First home buyers are pretty much stuck in the rental-market forever (unless mum and dad step in), property prices continue to soar resulting in sky high mortgages and doing the rounds more recently, a study by Roy Morgan shows dual income households are up the creek if one person loses their job.
Ok, it sounds all a bit doom and gloom. So let’s focus on the positives:
- If you are one of the 3.2 million mortgage holders on a dual-income chances are – unless you bought in a Queensland mining town – your property has appreciated in value.
- There are heaps of measures you can take on to ensure, even if one of you does wind up unemployed, you’ll steer through that period without the banks knocking on your door. Which brings us to…

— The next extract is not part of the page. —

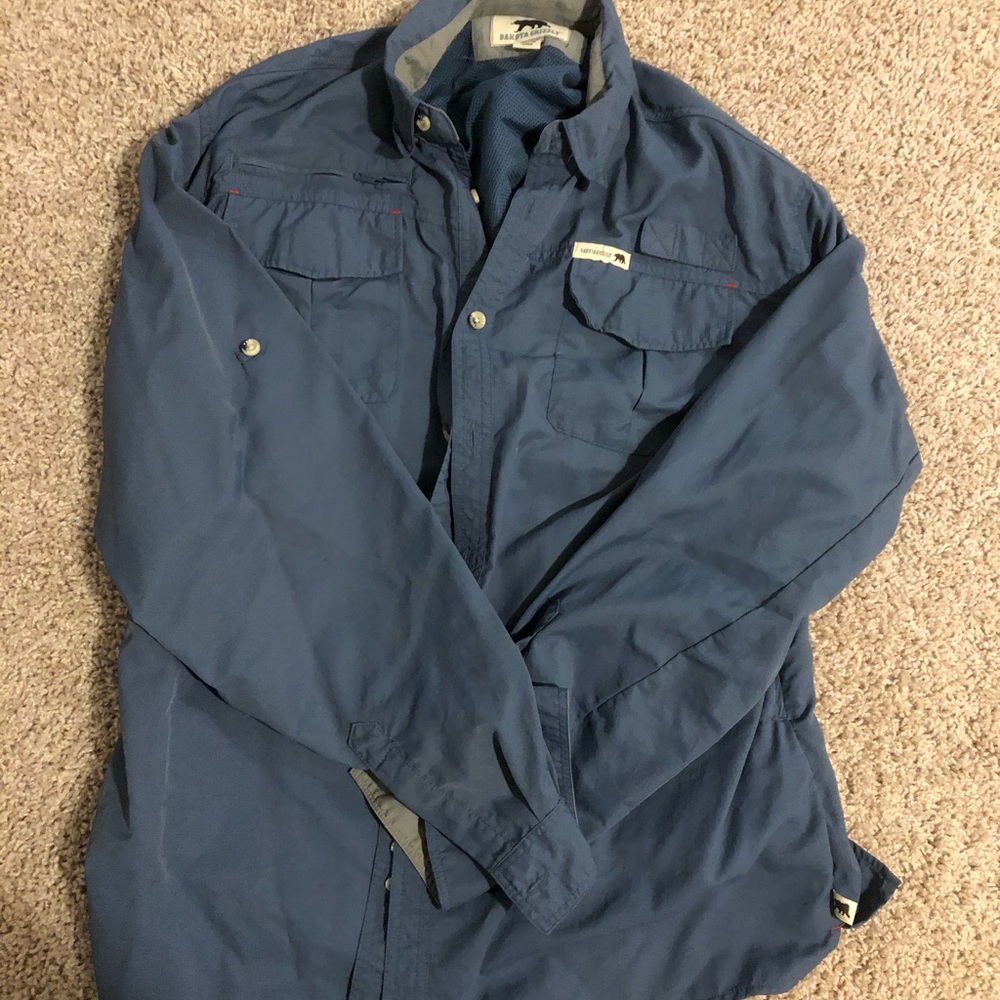 Dakota Grizzly hiking/fishing shirt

Mozo’s top tips for giving yourself a home loan buffer:
Tip #1 Don’t stretch your budget too far
It may seem an obvious tip but with house prices nearing the million dollar mark in Australia’s major cities, getting a decent size property for you and your family may tempt you to pay a premium. But it’s a wise idea to only borrow what you can afford to repay on one income, as that way you’ll know if one of you does lose your job, you’ll still be able to meet your repayments. Also make sure you budget for any potential rate rises, as you may be able to easily afford your repayments when rates are under 4% but what will happen if they start to climb upwards again over the next few years? Remember the official cash rate was once as a high as 17.50%.
Tip #2 Get ahead on your home loan repayments
Most home loans these days come with the handy feature of an extra repayments facility. So while you’ve got two incomes coming in, set up a budget each month that will see you putting more towards your home loan than your agreed ongoing repayments. That way if you do find yourself in a situation where you’re on one income, you’ll be ahead on what you owe and may be able to take a repayment holiday. And if you so happen to both keep your jobs, then the plus is you’ll pay off your loan earlier than expected.

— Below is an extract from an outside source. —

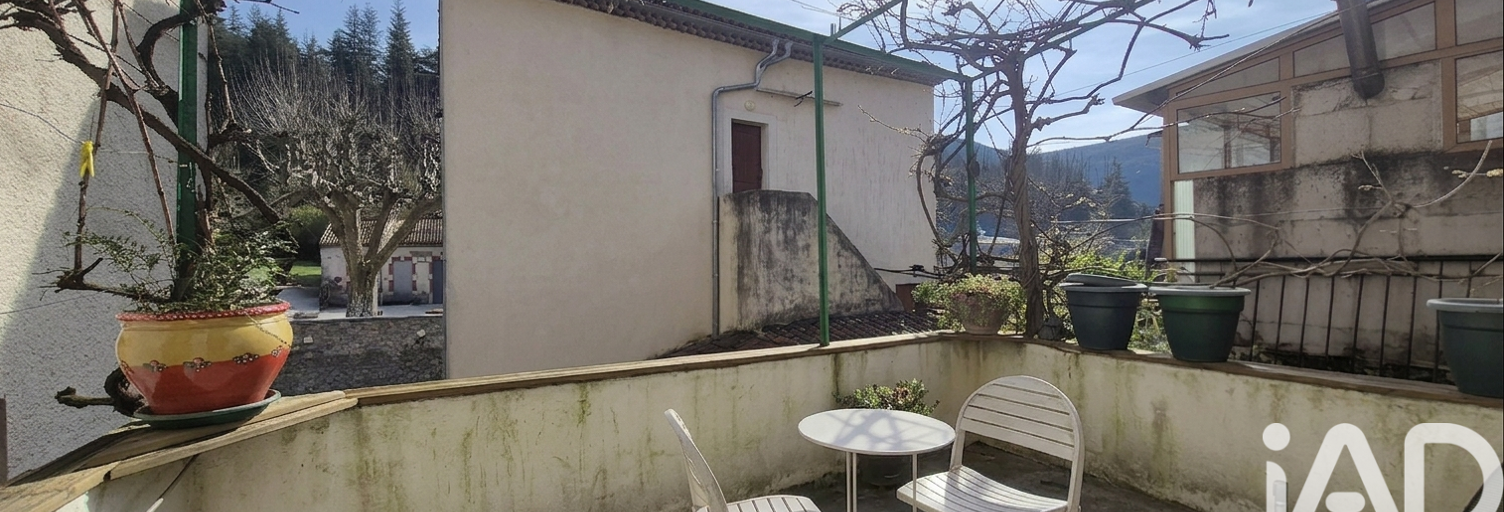 Immeuble  198 m² à vendre à Saint-Laurent-le-Minier (30440)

Tip #3 Take out mortgage protection insurance
Another option is to take out mortgage protection insurance (not to be confused with lenders mortgage insurance which protects the lender), this cover will actually protect you the borrower by paying your home loan repayments up to an agreed amount if one of you loses your job or becomes unwell. This is the type of thing you need to do your research on, to find the best deal, as each insurer has different caps on the length of time they’ll pay your mortgage for. For instance, one policy we looked at would cover your repayment for up to 30 months if you are injured or suffer from illness, but only up to 90 days for involuntary unemployment. Also make sure you check that the policy will cover up to 2 people before you sign on the dotted line. The good news is most of the insurers that do allow for two income cover, will let you tailor the amount of cover for each person.